• **TASK TO CARRY OUT**
The answer must consist only of the lines in the records below from the line with "Camera crew filming" to the line with "Inviting single-Gathering home", both included, copied word for word with every picture left out.

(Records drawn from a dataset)
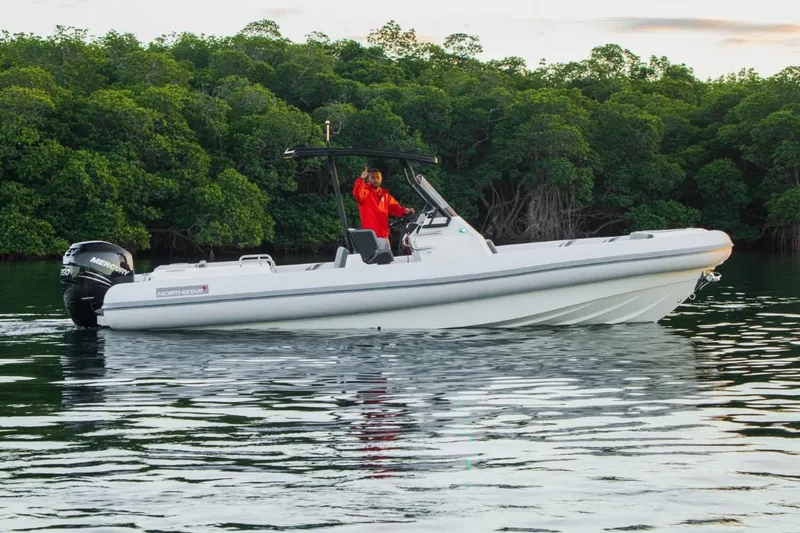 Slide: The Image of 2024 Northstar Orion 8 boat with Yamaha outboard motor, docked under clear blue sky. - 3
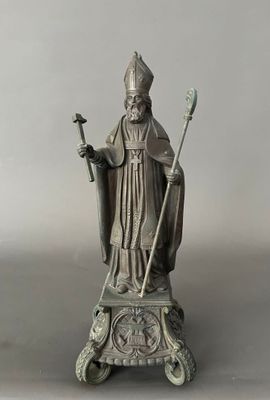 an image of a statue of a priest holding a staff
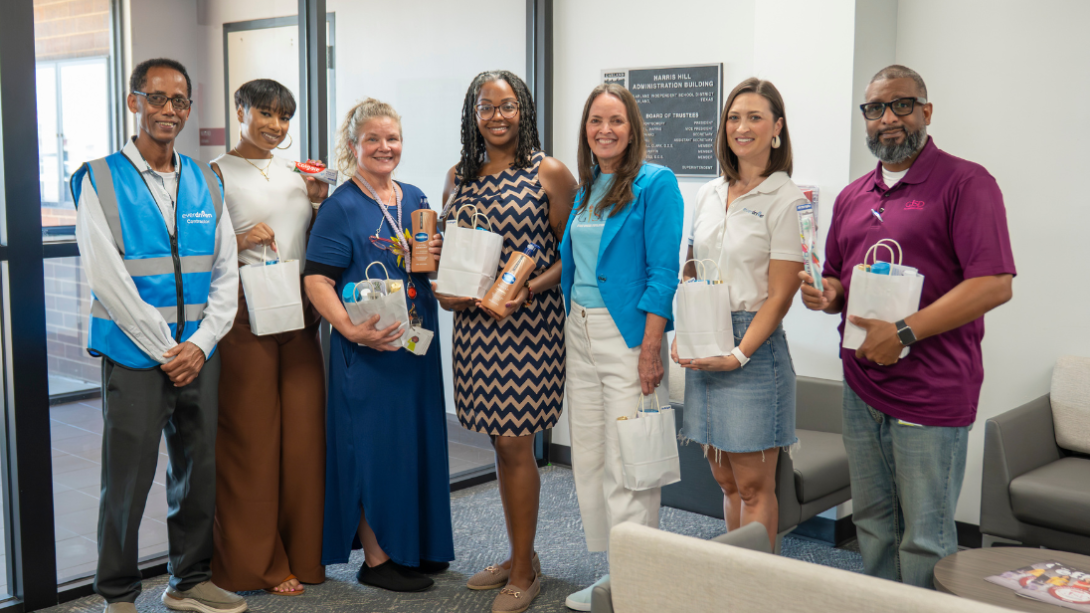 seven adults stand holding white paper bags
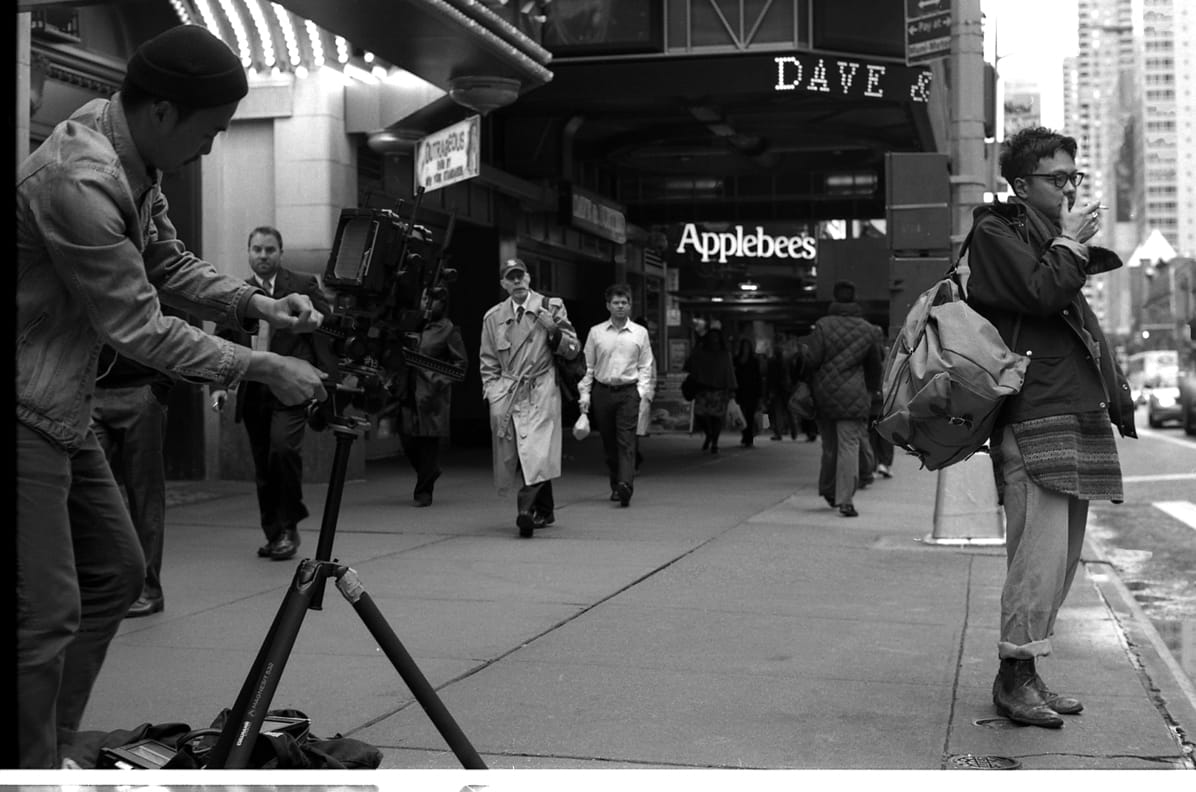 Camera crew filming a layered Nepenthes look outside a Times Square theater.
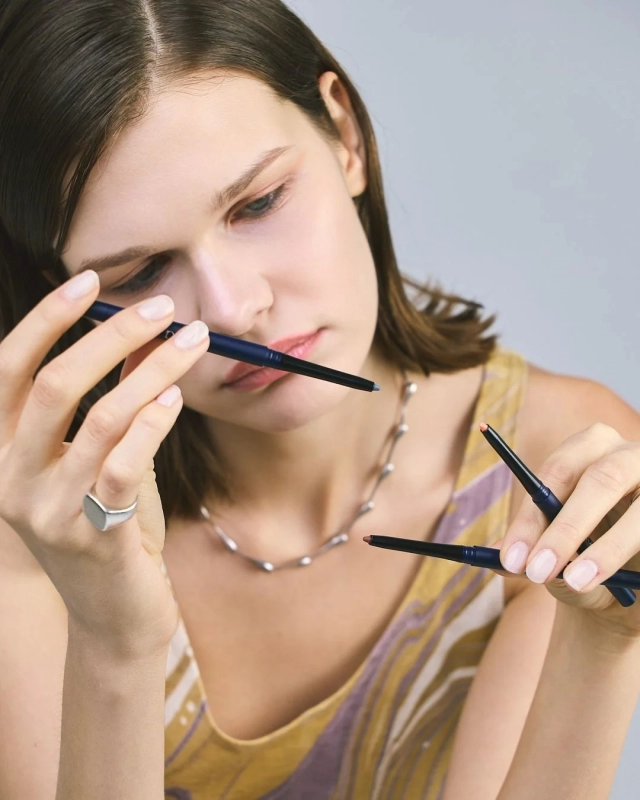 Woman holding multiple makeup pencils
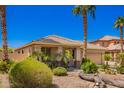 Inviting single-Gathering home with beautiful desert landscaping and a well-maintained exterior at 15471 W Post Cir, Surprise, AZ 85374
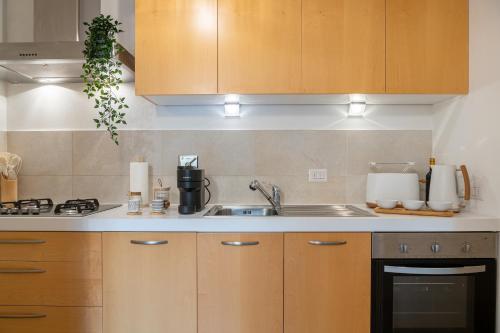 een keuken met houten kasten en een spoelbak bij Art Design Home Firenze in Florence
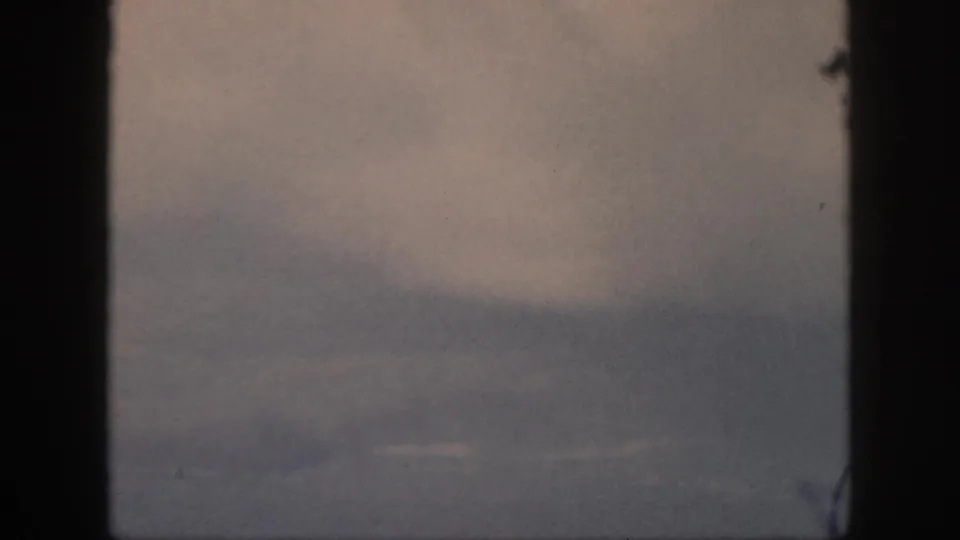 1959 Oahu travel footage showing muted cloud layers viewed through a dark airplane window frame.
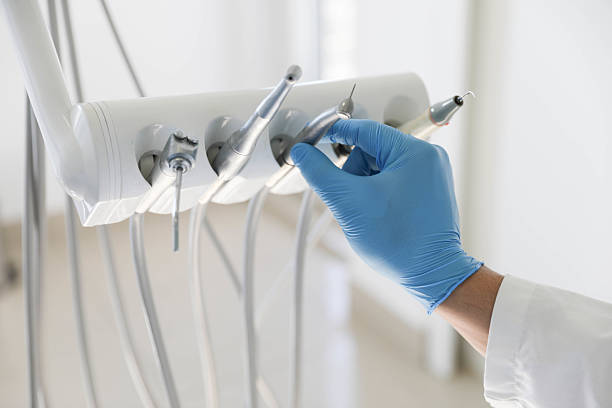 Professional Emergency Dentist technician working in Webberville, MI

• **WRITTEN SOLUTION**
 Camera crew filming a layered Nepenthes look outside a Times Square theater.
 Woman holding multiple makeup pencils
 Inviting single-Gathering home with beautiful desert landscaping and a well-maintained exterior at 15471 W Post Cir, Surprise, AZ 85374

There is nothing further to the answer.